╭─ THE DATA

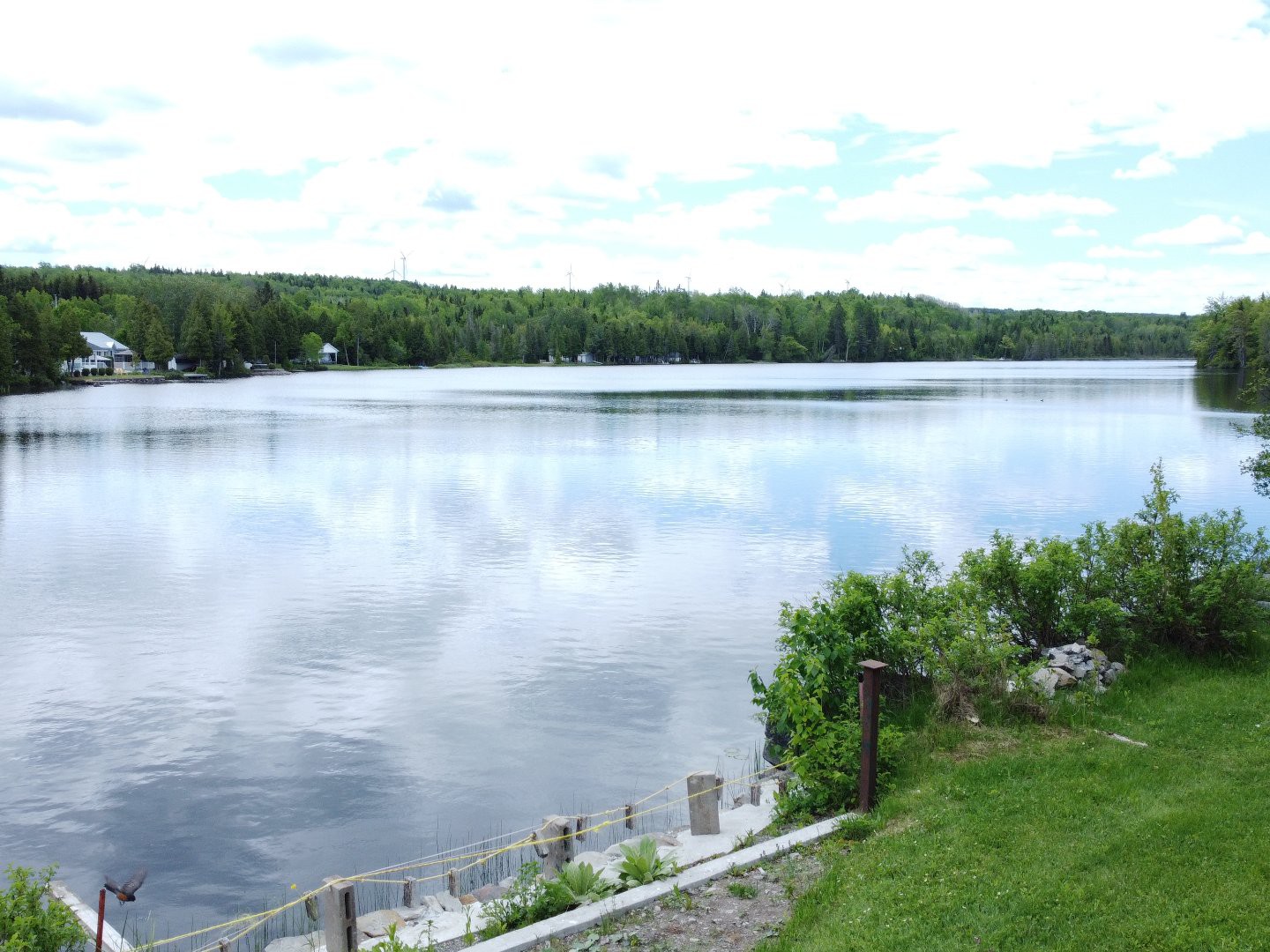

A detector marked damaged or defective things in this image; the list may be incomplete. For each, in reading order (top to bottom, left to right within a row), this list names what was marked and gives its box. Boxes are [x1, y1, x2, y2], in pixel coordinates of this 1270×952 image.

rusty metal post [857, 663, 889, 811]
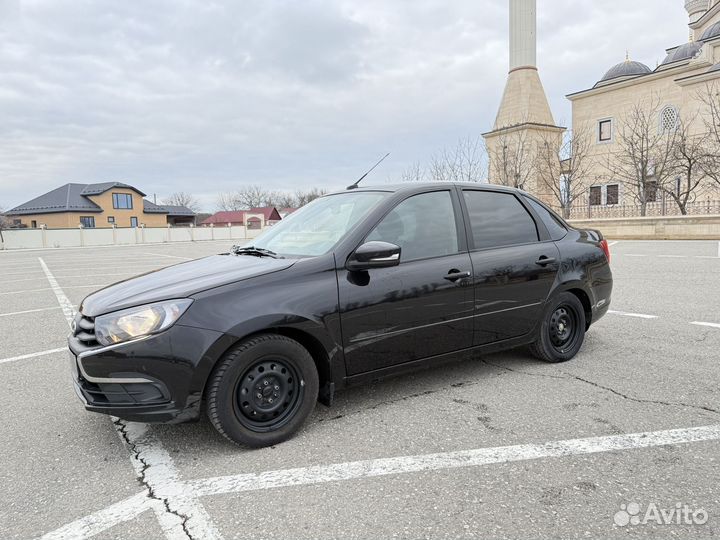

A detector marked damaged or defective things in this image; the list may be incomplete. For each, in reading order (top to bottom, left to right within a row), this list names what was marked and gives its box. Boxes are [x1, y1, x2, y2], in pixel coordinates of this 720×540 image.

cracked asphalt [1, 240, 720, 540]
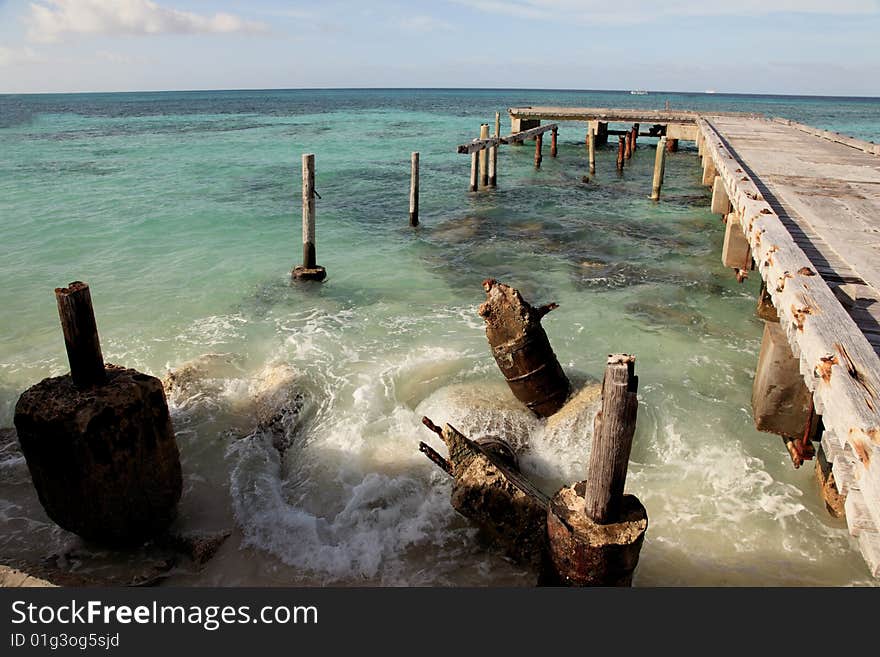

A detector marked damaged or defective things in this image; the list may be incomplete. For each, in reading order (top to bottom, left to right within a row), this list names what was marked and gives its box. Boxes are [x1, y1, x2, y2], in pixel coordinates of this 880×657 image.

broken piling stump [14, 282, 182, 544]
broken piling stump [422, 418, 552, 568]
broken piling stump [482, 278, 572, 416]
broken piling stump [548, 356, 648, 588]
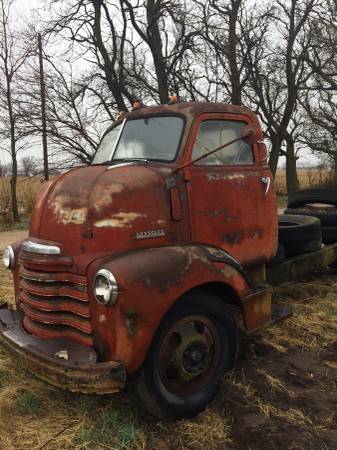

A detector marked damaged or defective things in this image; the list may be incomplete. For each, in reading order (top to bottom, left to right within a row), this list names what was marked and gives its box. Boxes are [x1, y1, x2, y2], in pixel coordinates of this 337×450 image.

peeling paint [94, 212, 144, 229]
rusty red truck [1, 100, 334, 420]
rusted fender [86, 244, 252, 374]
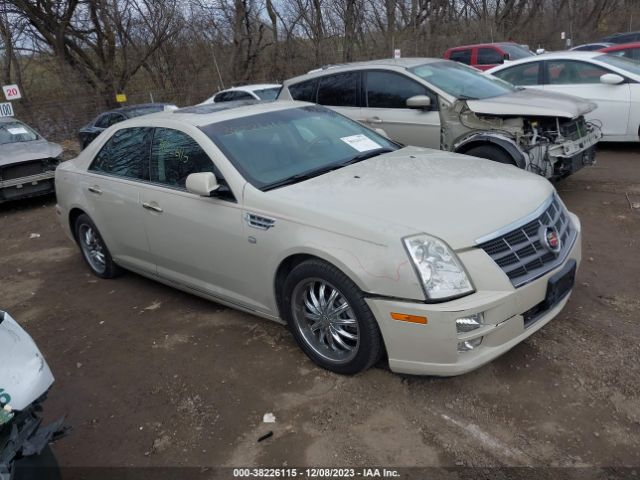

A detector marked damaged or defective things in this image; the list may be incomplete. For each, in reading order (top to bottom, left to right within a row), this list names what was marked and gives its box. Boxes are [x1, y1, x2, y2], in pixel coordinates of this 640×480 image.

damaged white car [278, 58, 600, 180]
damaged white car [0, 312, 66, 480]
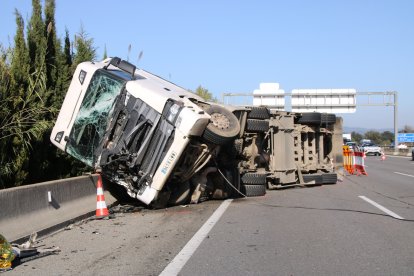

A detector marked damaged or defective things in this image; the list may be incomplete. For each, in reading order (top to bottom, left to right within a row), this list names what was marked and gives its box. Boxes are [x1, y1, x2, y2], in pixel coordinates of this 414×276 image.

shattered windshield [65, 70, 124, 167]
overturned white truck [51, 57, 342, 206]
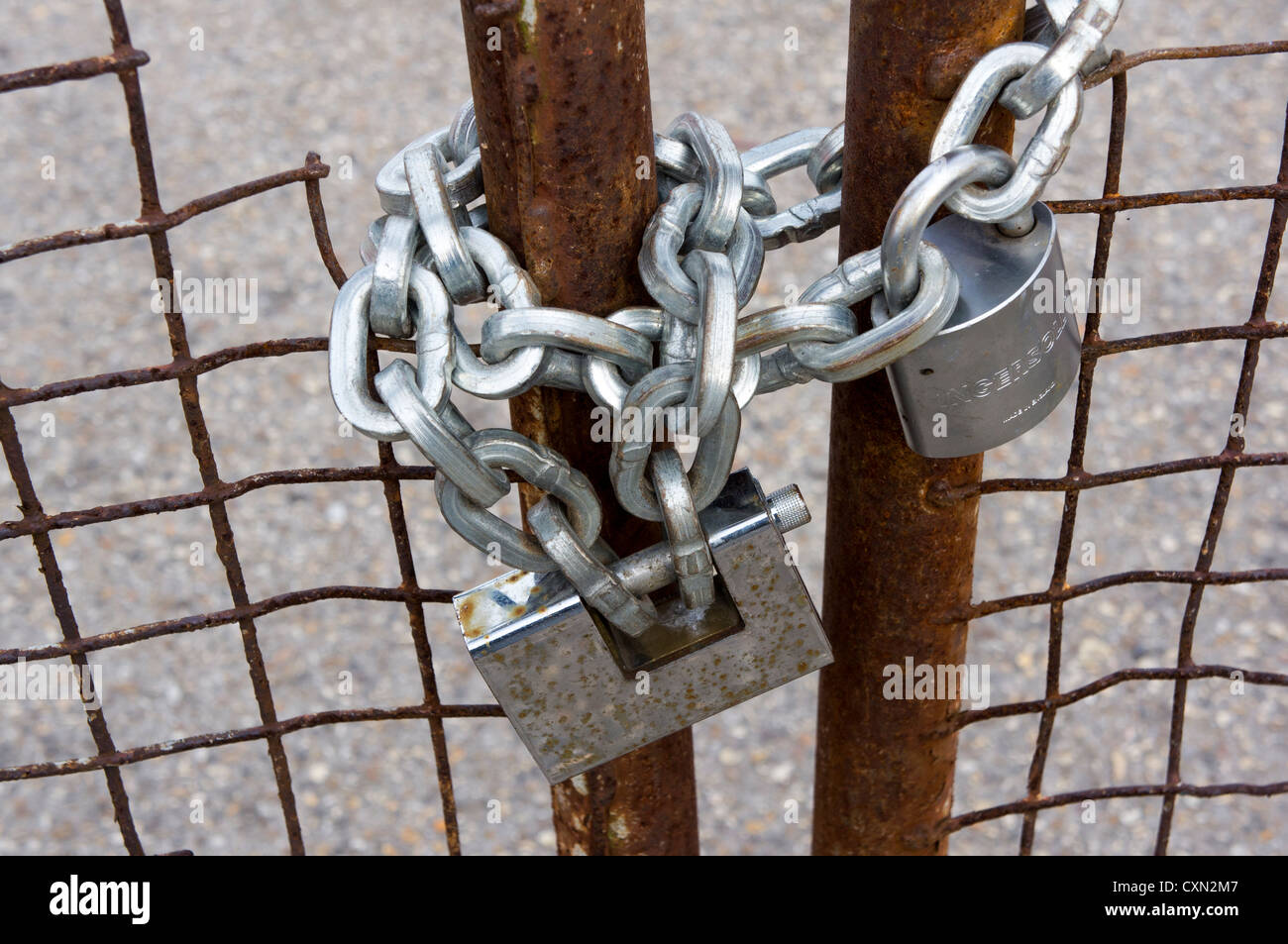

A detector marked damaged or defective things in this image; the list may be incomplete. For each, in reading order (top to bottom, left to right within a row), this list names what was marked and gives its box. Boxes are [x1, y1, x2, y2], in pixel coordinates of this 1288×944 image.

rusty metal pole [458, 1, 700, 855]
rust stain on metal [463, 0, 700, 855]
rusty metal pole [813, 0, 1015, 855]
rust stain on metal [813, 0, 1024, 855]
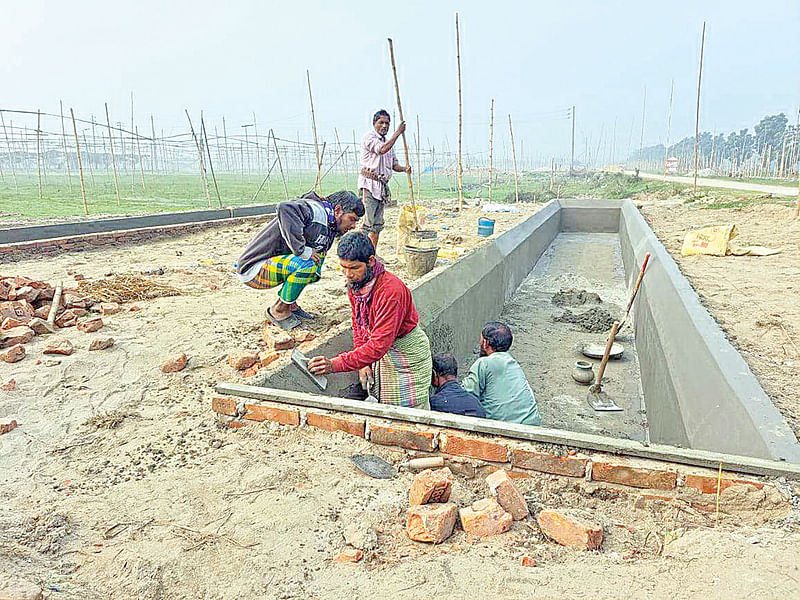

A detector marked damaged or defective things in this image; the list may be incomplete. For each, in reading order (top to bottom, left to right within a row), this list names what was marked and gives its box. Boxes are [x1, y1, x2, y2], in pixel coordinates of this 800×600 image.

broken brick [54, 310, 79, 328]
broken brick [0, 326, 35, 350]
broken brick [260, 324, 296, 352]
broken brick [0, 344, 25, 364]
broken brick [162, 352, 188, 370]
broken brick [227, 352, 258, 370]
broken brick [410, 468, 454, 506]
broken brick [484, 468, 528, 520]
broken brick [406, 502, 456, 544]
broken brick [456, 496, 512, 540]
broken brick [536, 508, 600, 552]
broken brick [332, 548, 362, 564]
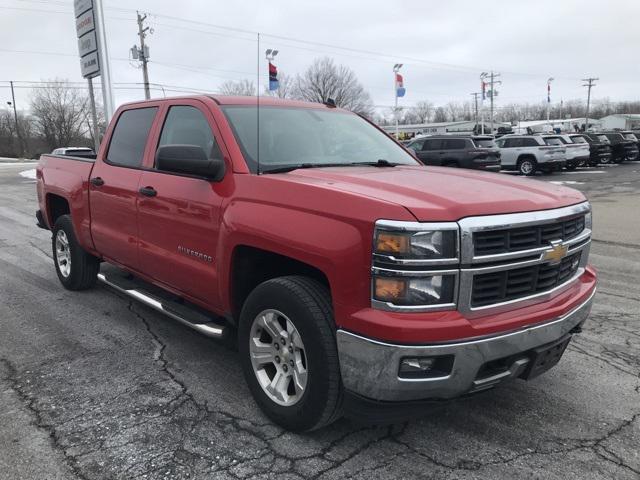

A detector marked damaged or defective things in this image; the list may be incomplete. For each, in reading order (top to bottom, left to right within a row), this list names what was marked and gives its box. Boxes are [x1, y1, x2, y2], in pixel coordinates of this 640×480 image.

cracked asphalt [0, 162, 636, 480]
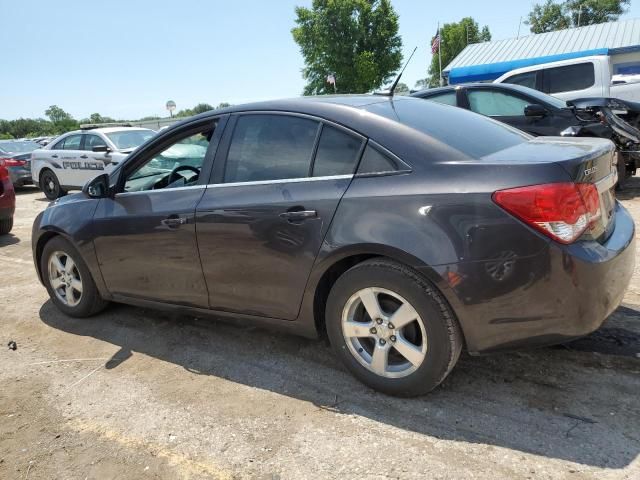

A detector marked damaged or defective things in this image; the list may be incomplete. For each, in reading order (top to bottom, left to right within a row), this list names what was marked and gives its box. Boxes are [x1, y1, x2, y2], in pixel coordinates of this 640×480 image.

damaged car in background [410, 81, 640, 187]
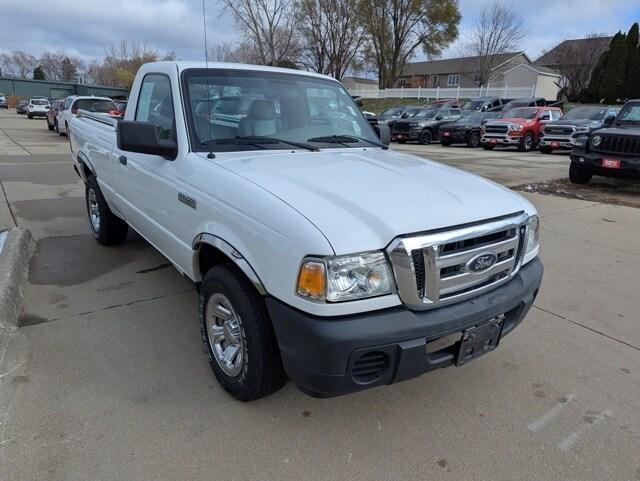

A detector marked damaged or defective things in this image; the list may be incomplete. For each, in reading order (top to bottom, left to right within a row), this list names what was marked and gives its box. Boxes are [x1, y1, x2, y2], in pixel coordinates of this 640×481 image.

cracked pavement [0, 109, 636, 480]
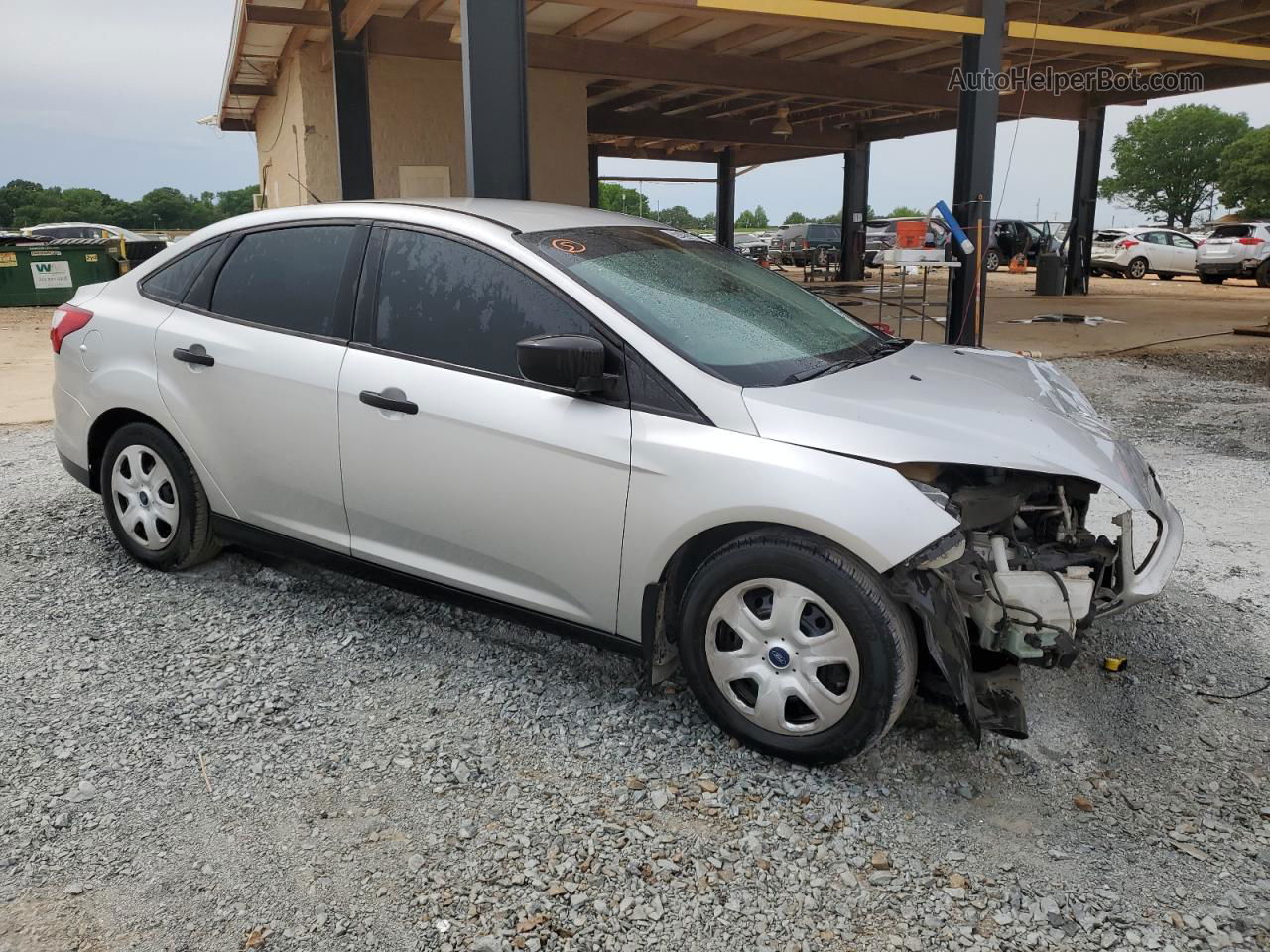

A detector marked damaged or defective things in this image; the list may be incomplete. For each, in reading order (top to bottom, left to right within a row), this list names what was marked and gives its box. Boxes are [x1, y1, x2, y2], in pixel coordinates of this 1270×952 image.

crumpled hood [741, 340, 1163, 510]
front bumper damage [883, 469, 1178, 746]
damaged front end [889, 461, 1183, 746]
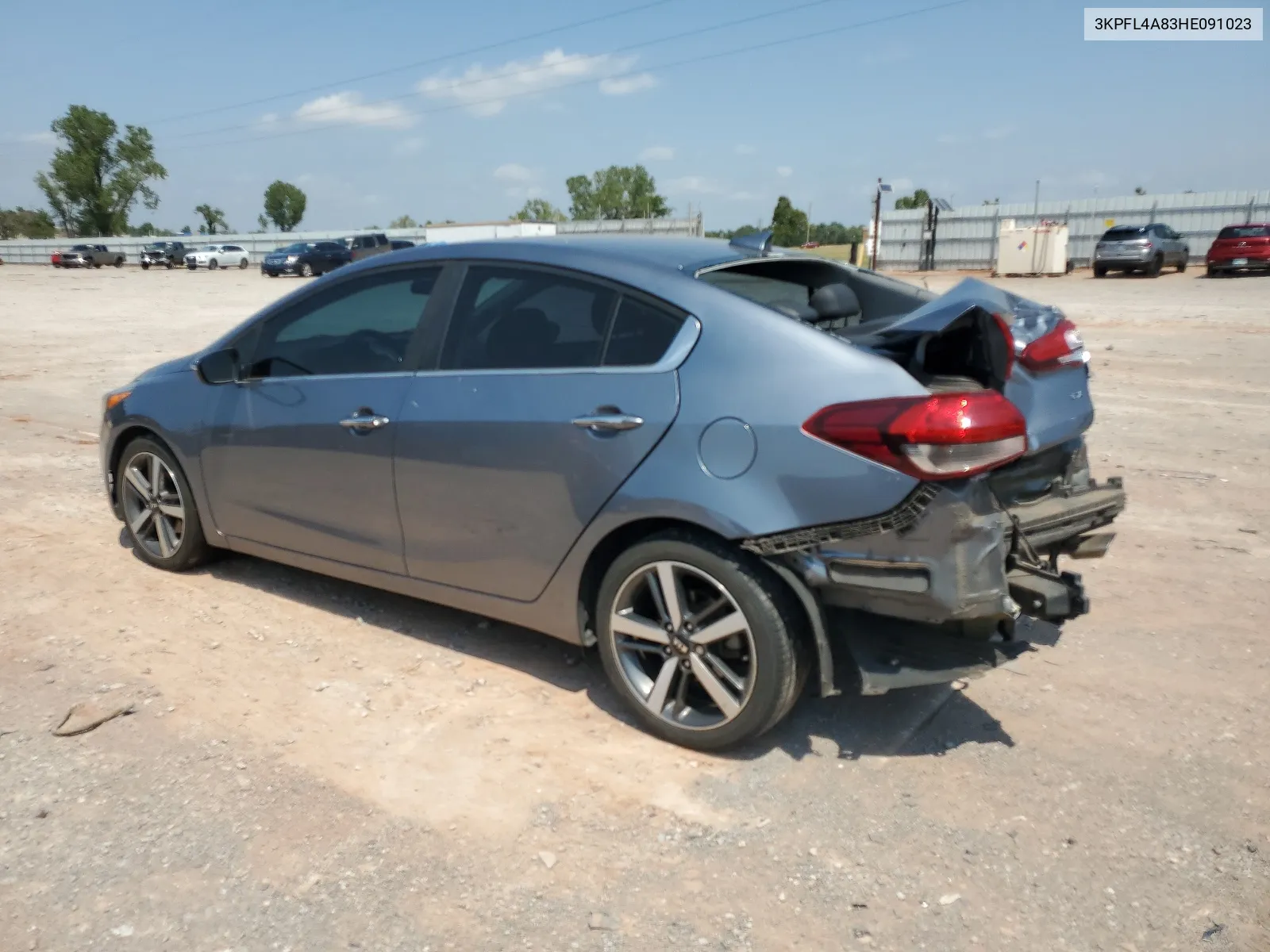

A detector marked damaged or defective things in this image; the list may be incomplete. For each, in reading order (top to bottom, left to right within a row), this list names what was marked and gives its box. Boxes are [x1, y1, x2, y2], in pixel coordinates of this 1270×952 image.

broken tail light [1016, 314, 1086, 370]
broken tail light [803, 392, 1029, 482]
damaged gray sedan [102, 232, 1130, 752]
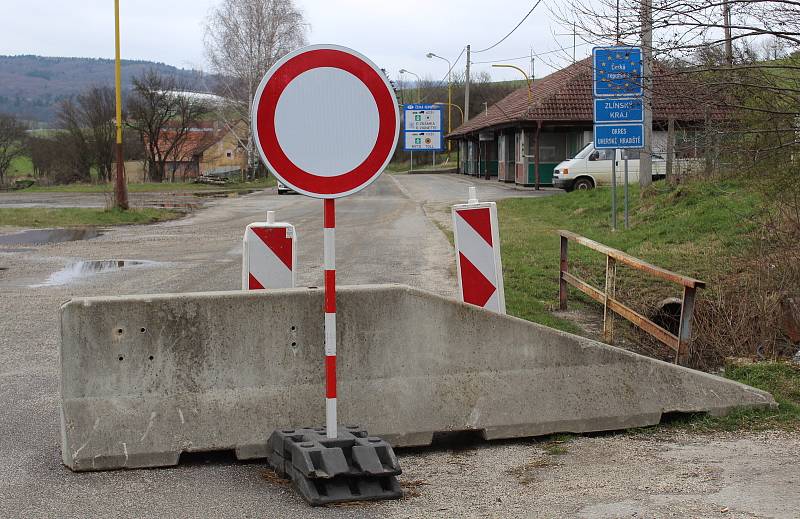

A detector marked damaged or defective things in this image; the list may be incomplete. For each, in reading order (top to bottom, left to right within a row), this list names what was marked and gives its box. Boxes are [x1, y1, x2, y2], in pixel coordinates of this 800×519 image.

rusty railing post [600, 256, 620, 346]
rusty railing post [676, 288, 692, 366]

╰─

▶ _WHAT THIS TASK INVOLVES_
Restate word for word only the lines that run from the line holding "this 640×481 image." to the end of the data, both ends kept, leaving every picture out.

▶ _WRITTEN SOLUTION_
A detector marked damaged or defective things in this image; the list may be incomplete. For each, in reading order (top to bottom, left to right within a row), this list names what was marked and gives its box. Boxes are [x1, y1, x2, y2], in pixel coordinates of this 640×481 image.

cracked pavement [0, 109, 636, 480]

A detector marked damaged or defective things in this image; the list may be incomplete. For each, in reading order (top to bottom, left to right within a row), this list names what was marked and gives its box. Boxes are [x1, y1, x2, y2], in pixel coordinates of this 1270×952 image.

crumpled hood [741, 340, 1163, 510]
front bumper damage [883, 469, 1178, 746]
damaged front end [889, 461, 1183, 746]

A detector marked damaged or defective things in this image; the list may be incomplete. For each, in reading order (top to bottom, left to right within a row), this list names what was marked and gives its box. Boxes are [x1, y1, x2, y2], in pixel coordinates of this 1270×952 image.

broken tail light [1016, 314, 1086, 370]
broken tail light [803, 392, 1029, 482]
damaged gray sedan [102, 232, 1130, 752]

A detector marked damaged or defective things in this image; the list may be incomplete. For each, in reading order (top to bottom, left to right within a row), this list names what was marked and gives its box. Boxes are [x1, y1, x2, y2], in pixel coordinates of this 800×519 image.

rusty railing post [600, 256, 620, 346]
rusty railing post [676, 288, 692, 366]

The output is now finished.